The Guyana Football Federation (GFF) delivered its end-of-year Goalkeeping Coaches Workshop on Thursday to further build capacity among regional association coaches and enhance the impact of the GFF’s Academy Training Centre (ATC) programme.
The one-day training session, hosted at the GFF National Training Centre, Providence, focused on teaching methods for goalkeeping fundamentals and was led by GFF Goalkeeping Coach Eon Deviera and GFF Coaching Education Officer Lyndon France.
The theoretical and practical workshop was attended by 24 enthusiastic coaches from the GFF’s nine regional associations, who expressed their continued commitment to improving their goalkeeping skills.
The workshop included classroom modules on developing goalkeeping practice structures, training techniques and session plans, as well as fieldwork focusing on positioning, types of catches and distribution.
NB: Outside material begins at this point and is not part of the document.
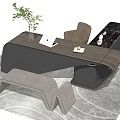Modern Wooden Office Desk With Laptop Green Plant Vase Chair And Bench On Gray Rug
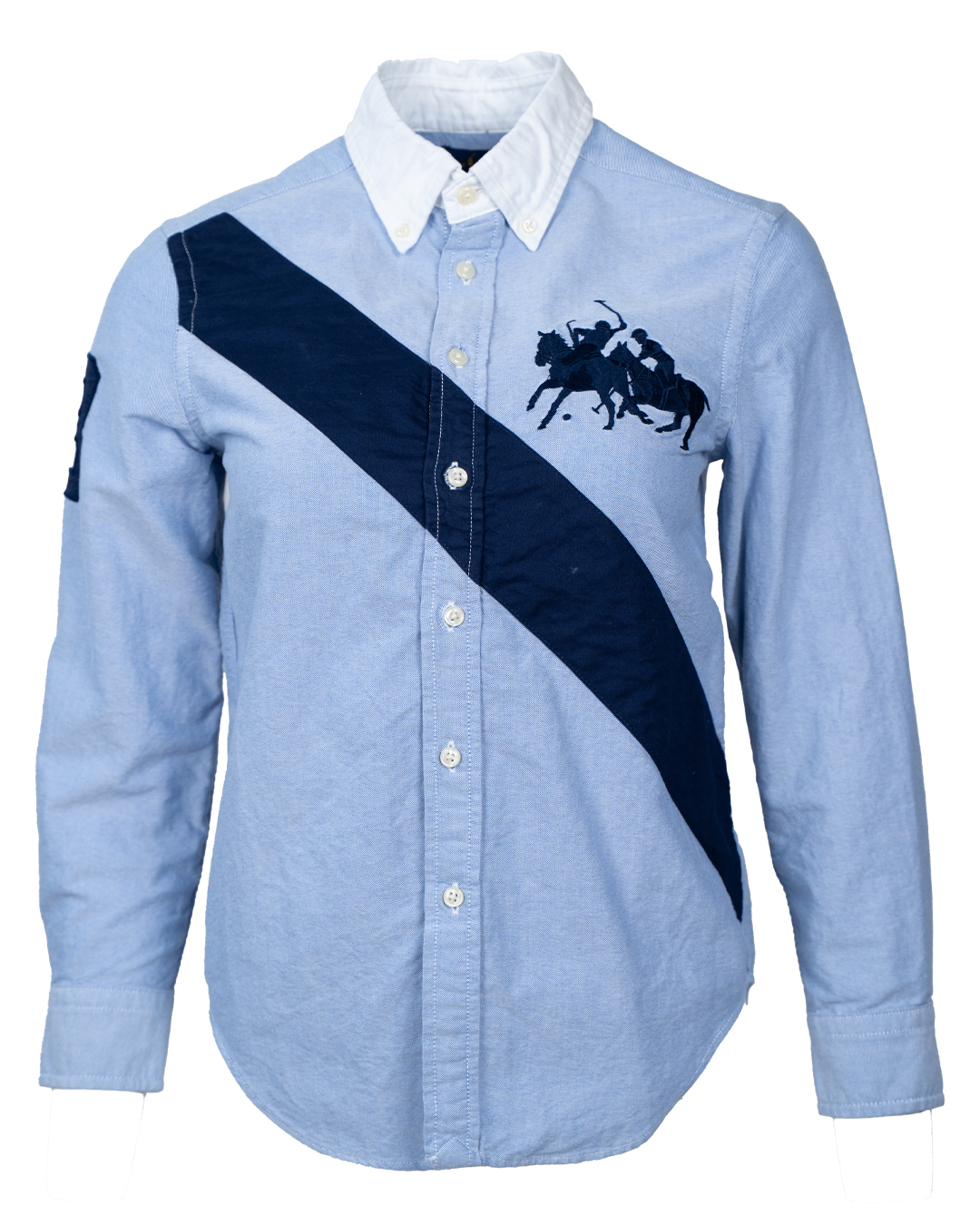 Camicia Ralph Lauren Azzurra Oxford Colletto Bianco a Contrasto Vintage Taglia 10-12 Anni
“This is a very important course as part of the drive the GFF is currently undertaking with respect to getting football growing and coaches and players equipped to be able to move forward in the right direction come 2022 and beyond,” said DeViera.
Technical Director Ian Greenwood added that “the main aim is for each of the regional Academy Training Centres to have a specialised goalkeeping coach. We have a couple of very strong goalkeeping coaches with the national teams and we want to ensure that the Academy Training Centres follow the same structure.”
West Demerara Football Association coach Yonette Hector said the course was a great opportunity for coaches to take their goalkeeping skills to the next level: “When I go back to my team, I will be able to show them the basics of coaching.”
East Bank Demerara Football Association coach Andre Gibbs added that he attended the session to improve his goalkeeping knowledge “so in the future I could share my knowledge with the youngsters and we can all improve Guyana’s football”.
Rounding up the day, GFF Assistant Technical Director Bryan Joseph said, while participants will not become professional goalkeeping coaches in one session, the year-end course had taught them the fundamentals.
“I hope they return to their respective environments and make an impact, host sessions and seize every opportunity to work on the things they would’ve learned and develop the players out there,” he said.
The GFF’s ground-breaking ATC programme was launched in 2017 and is the first of its kind in the Caribbean region.
The programme is a selective national youth development initiative that gives girls and boys aged between 6-19 a weekly, structured training curriculum anchored in the GFF’s football philosophy and delivered consistently throughout its nine regional associations.